• [WHAT YOU WILL DO]: Here the job is to transcribe the data verbatim while leaving each picture out.

DATA FOR THIS EXERCISE: Begin

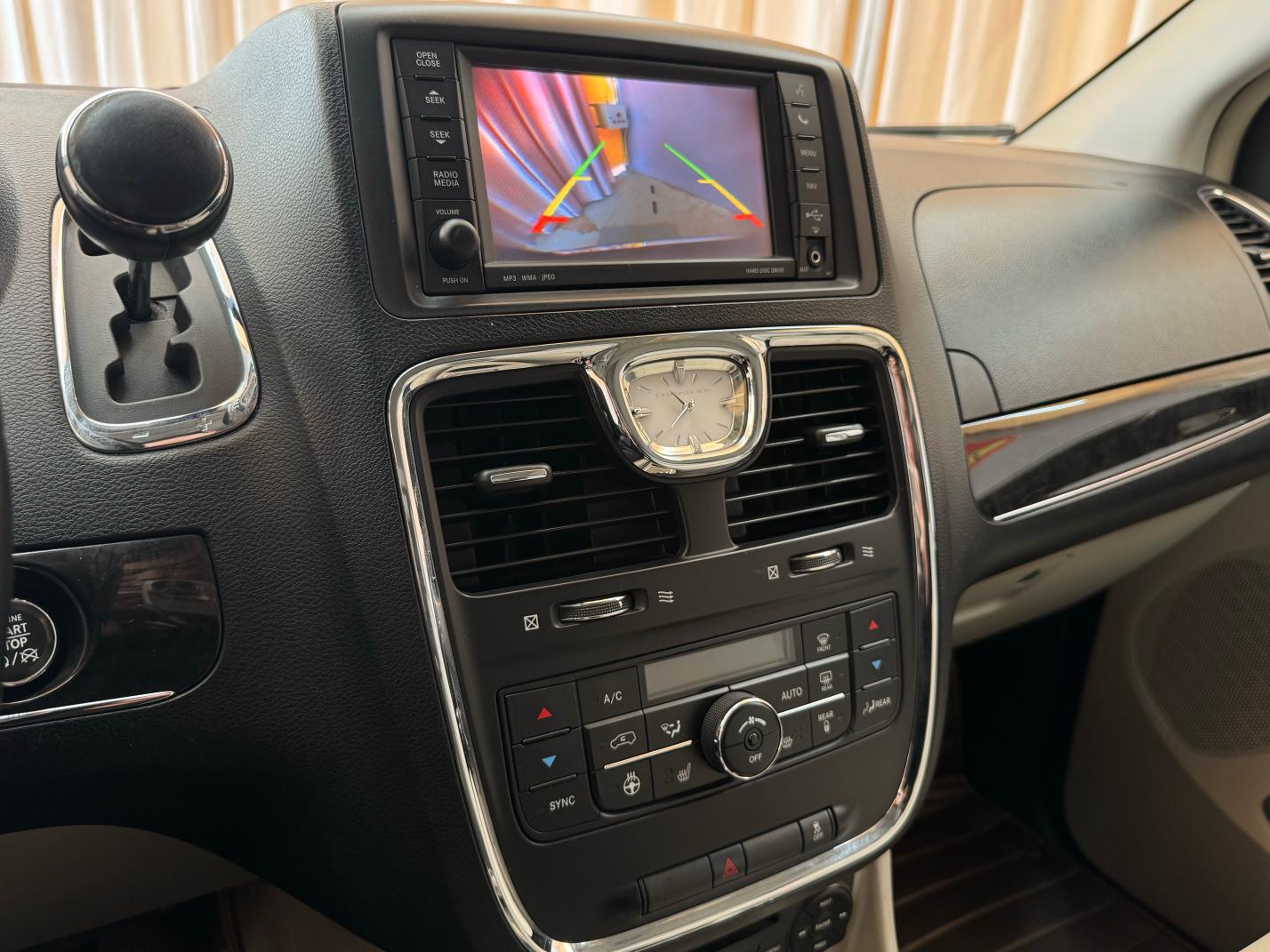 Chrysler Da Jie Long 2014 thumb 6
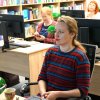 Генеративний ШІ у науці: у Бібліотеці Університету Грінченка відбувся всеукраїнський воркшоп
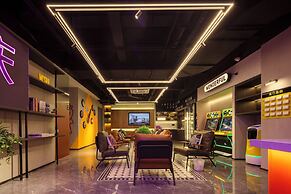 Mcsrh Hotel -Chongqing Chaotianmen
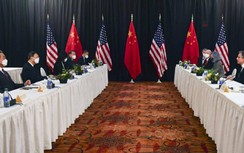 Sau đối thoại ở Alaska, Mỹ-Trung tiếp tục đáp trả nhau trên truyền thông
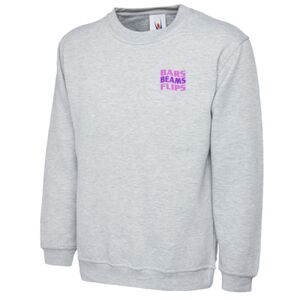 The UX Children's Sweatshirt Thumbnail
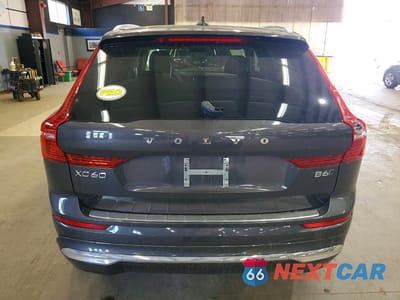 Zdjęcie 6 z 13 samochodu: 2022 VOLVO XC60 B6 INSCRIPTION VIN:YV4062RL9N1900997 - miniatura
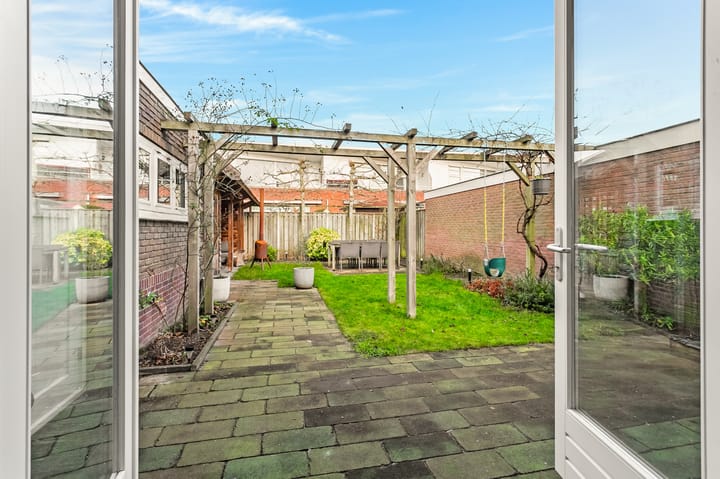 Photo 22 of Prins Hendriklaan 14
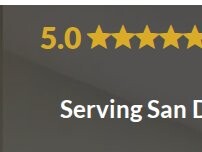 Website Screenshot Coastal Renovations & Developments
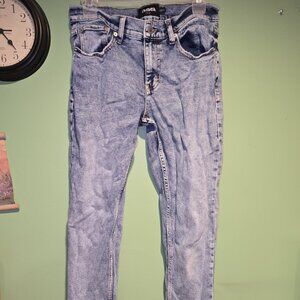 29x32 RSQ Slim Taper Jeans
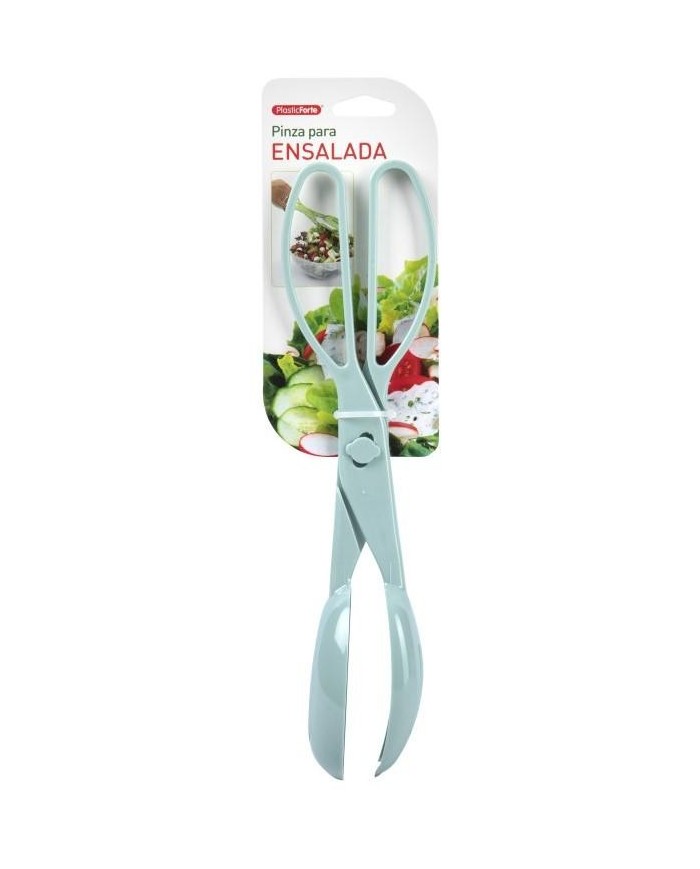 PINZAS ENSALADA PLASTICFORTE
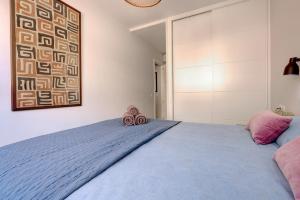 012 New Relaxed 2 Bed Fuengirola City Beach Retreat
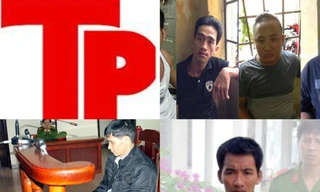 Bản tin Hình sự 18H: Bị tuyệt tình, thiêu sống ba chị em gái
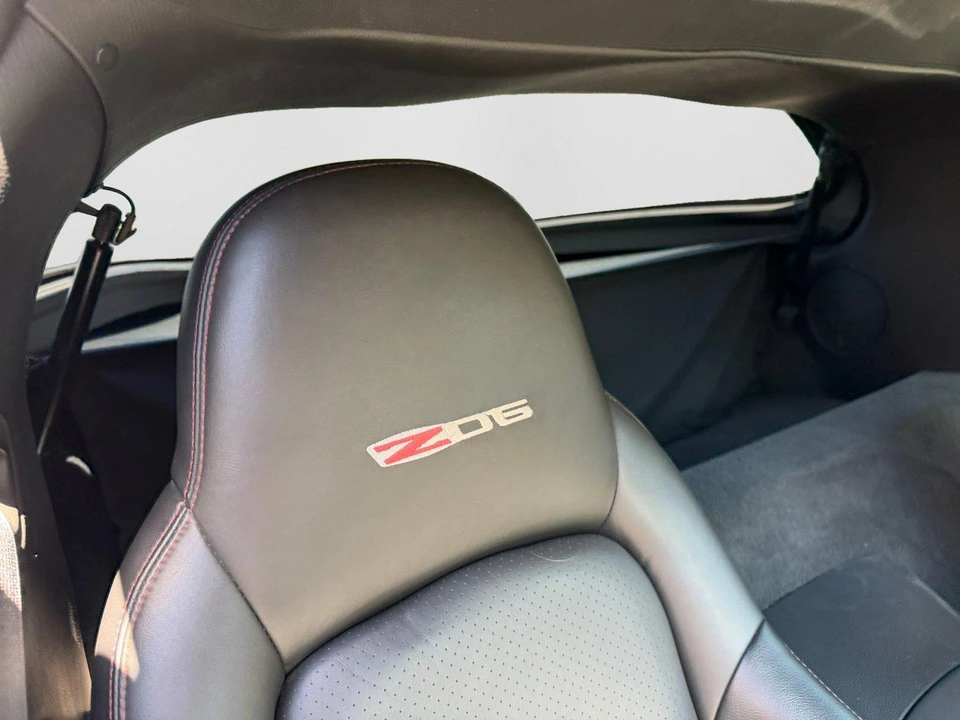 2008 Chevrolet Corvette C6 - Image 18 of 29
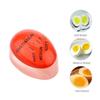 KIN Cuisine Egg Timer for Soft and Hard Boiled Eggs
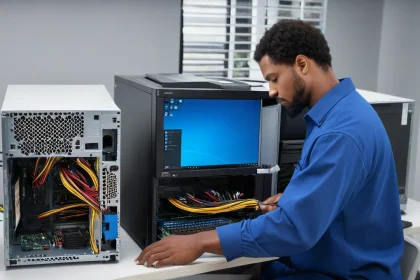 Cómo diagnosticar un estado de carga inestable en Windows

DATA FOR THIS EXERCISE: End

• [TASK RESPONSE]:
 Chrysler Da Jie Long 2014 thumb 6
 Генеративний ШІ у науці: у Бібліотеці Університету Грінченка відбувся всеукраїнський воркшоп
 Mcsrh Hotel -Chongqing Chaotianmen
 Sau đối thoại ở Alaska, Mỹ-Trung tiếp tục đáp trả nhau trên truyền thông
 The UX Children's Sweatshirt Thumbnail
 Zdjęcie 6 z 13 samochodu: 2022 VOLVO XC60 B6 INSCRIPTION VIN:YV4062RL9N1900997 - miniatura
 Photo 22 of Prins Hendriklaan 14
 Website Screenshot Coastal Renovations & Developments
 29x32 RSQ Slim Taper Jeans
 PINZAS ENSALADA PLASTICFORTE
 012 New Relaxed 2 Bed Fuengirola City Beach Retreat
 Bản tin Hình sự 18H: Bị tuyệt tình, thiêu sống ba chị em gái
 2008 Chevrolet Corvette C6 - Image 18 of 29
 KIN Cuisine Egg Timer for Soft and Hard Boiled Eggs
 Cómo diagnosticar un estado de carga inestable en Windows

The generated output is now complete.